As mentioned in the methods (In Part I), the area under the curves (AUCs) as a function of varying conditions is calculated with the simulated data. In addition to this first performance index of the decoder, the second index of the normalized distance between the true signal subspace (U_true) and the estimated signal subspace (U) is also calculated for each condition (Eq. 6). Then, the distance is displayed in base-10 logarithmic in the graph. This index should be smaller or equal for the ones given by the non-circular method than the ones from the circular method. For all plots, the red diamond shape indicate the result of using non-circular PCA (Unc) and the blue circle do so the result of using normal PCA (Uc) for both AUCs and normalized distances. And the simulation is done for four different variations of conditions.


6.1 Variation of Category Separation

First, the simulation is done for the varying separation of hit and miss categories. The result is in the figure. The separation is noted by the difference in hit and miss, and it goes 0.1 to 2 with monotonic increase in arbitrary unit (10 points in total). The variance is the same for both categories (1 for both). As seen in the upper part, AUC goes higher as the separation gets bigger. Intuitively, it makes sense because the model can decode precisely if the two categories are far apart. However, my point is how the Uc (circular) and Unc (noncircular) method perform for circular and noncircular data. For circular data, the AUCs of Uc method is significantly lower than that of Unc method for 1.58, 1.79, and 2 (Wilcoxon rank-sum test, p<0.05). Also, the distance is bigger in the Uc method for 1.58, 1.79, and 2. For the noncircular data, the distance of Uc method is significantly lower for except 0.1 and 0.52 in separation. However, AUC of Uc method is significantly lower for only 1.79 of separation. Since the distance metric for the noncircular PCA is smaller than the distance. metric for circular PCA (for mostly big separation), the Unc methods surely captures the difference in circularity of the data, but the performance of the decoder is the same for both the Uc and Unc PCA methods.

Figure by the author, Variation of Category Separation
Figure by the author, Variation of Category Separation

6.2 Variation of Number of Sensors

The simulation is done for varying number of sensors, and the result is the figure. The numbers of sensor are ranging from 3 to 13 (11 points in total). For the circular data, there is no significant difference on both distances and AUCs between the Uc and Unc methods (Wilcoxon rank-sum test, p<0.05). For the noncircular data, AUCs for the Uc and Unc methods are not significantly different. The distances in the Unc method is significantly shorter than that in the Uc method for except 6, 7, 8 sensors. Similar to the previous varying separation, the distance metric for the noncircular PCA is smaller for some sizes of dimensions, but the decodability is affected.
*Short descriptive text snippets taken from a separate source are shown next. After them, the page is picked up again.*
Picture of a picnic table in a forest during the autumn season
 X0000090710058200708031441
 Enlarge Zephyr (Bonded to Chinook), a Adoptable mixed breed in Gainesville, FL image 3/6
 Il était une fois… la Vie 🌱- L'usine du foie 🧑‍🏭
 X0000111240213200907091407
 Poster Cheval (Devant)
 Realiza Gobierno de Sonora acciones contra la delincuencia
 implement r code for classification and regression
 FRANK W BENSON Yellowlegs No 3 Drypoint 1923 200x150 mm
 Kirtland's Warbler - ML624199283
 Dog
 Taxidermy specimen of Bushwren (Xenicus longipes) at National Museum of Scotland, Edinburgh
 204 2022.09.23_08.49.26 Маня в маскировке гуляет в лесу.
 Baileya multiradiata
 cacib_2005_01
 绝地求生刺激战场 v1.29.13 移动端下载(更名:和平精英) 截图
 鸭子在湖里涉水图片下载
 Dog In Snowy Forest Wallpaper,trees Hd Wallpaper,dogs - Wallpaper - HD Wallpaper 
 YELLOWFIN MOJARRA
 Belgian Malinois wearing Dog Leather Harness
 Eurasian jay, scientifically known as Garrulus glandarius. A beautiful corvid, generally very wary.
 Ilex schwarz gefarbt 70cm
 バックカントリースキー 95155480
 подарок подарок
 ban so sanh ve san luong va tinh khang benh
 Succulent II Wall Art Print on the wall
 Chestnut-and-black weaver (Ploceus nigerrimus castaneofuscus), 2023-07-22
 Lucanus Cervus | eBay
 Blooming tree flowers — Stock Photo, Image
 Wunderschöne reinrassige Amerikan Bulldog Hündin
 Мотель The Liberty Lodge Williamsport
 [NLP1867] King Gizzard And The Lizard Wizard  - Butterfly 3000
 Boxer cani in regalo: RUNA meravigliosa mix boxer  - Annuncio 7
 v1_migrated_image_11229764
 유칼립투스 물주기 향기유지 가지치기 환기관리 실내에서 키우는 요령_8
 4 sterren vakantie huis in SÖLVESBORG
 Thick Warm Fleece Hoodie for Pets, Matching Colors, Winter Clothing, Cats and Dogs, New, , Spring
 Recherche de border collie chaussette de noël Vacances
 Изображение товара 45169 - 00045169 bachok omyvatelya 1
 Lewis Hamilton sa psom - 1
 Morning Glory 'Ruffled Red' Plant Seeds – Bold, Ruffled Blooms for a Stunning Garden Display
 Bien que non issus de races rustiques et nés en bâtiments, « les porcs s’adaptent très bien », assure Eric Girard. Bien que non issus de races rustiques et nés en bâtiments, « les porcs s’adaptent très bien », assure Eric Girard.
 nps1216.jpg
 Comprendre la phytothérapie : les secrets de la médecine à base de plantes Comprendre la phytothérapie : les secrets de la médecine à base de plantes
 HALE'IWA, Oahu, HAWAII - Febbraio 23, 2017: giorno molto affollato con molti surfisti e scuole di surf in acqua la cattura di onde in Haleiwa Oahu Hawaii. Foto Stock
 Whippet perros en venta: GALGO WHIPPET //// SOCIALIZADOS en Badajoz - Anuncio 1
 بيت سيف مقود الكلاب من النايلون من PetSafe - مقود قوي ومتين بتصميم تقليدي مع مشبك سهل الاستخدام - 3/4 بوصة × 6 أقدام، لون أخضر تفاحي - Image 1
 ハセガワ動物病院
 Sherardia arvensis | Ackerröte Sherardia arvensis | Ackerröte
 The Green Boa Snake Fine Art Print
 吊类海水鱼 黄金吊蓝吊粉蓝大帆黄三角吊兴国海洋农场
Figure by the author, Variation of Number of Sensors
Figure by the author, Variation of Number of Sensors

6.3 Variation of Sample Size

The simulation is done for varying sample size, and the result is Figure 5. The numbers of trials are ranging from 200 to 2000 (21 points in total). For the circular data, the distance of Unc method is significantly smaller than that of Uc method for 290 and 380 trials (Wilcoxon rank-sum test, p<0.05). But, AUC is no different for all sample sizes. For the noncircular data, 200–650, 1010–1190, 1370–1820, and 2000 trials have significantly shorter distance in the Unc method. However, AUC on noncircular data is not significantly different as well as the circular data. The decodability is not changed with this condition as well as the category separation and the number of sensors.

Figure by the author, Variation of Sample Size
Figure by the author, Variation of Sample Size

6.4 Variation of Noise Amplitude

The simulation is done for varying noise amplitude, and the result is the figure. The amplitudes of noise are ranging from -4 to 8 dB with monotonic increase (20 points in total). The distance decreases as SNR increases. This matches to the simulation in the previous study. [2] For the circular data, the distance in the Unc method is significantly smaller in -2.11 dB (Wilcoxon rank-sum test, p<0.05). On the other hand, the distance in Unc method for noncircular data is significantly smaller than that in Unc method with -0.21 to 3.58 and 4.84–6.11 dB. However, AUC makes no difference between the Uc and Unc method for both the circular and noncircular data. Again, the decodability is not changed even though the Unc method estimates the subspace better than the Uc method since the distance is shorter.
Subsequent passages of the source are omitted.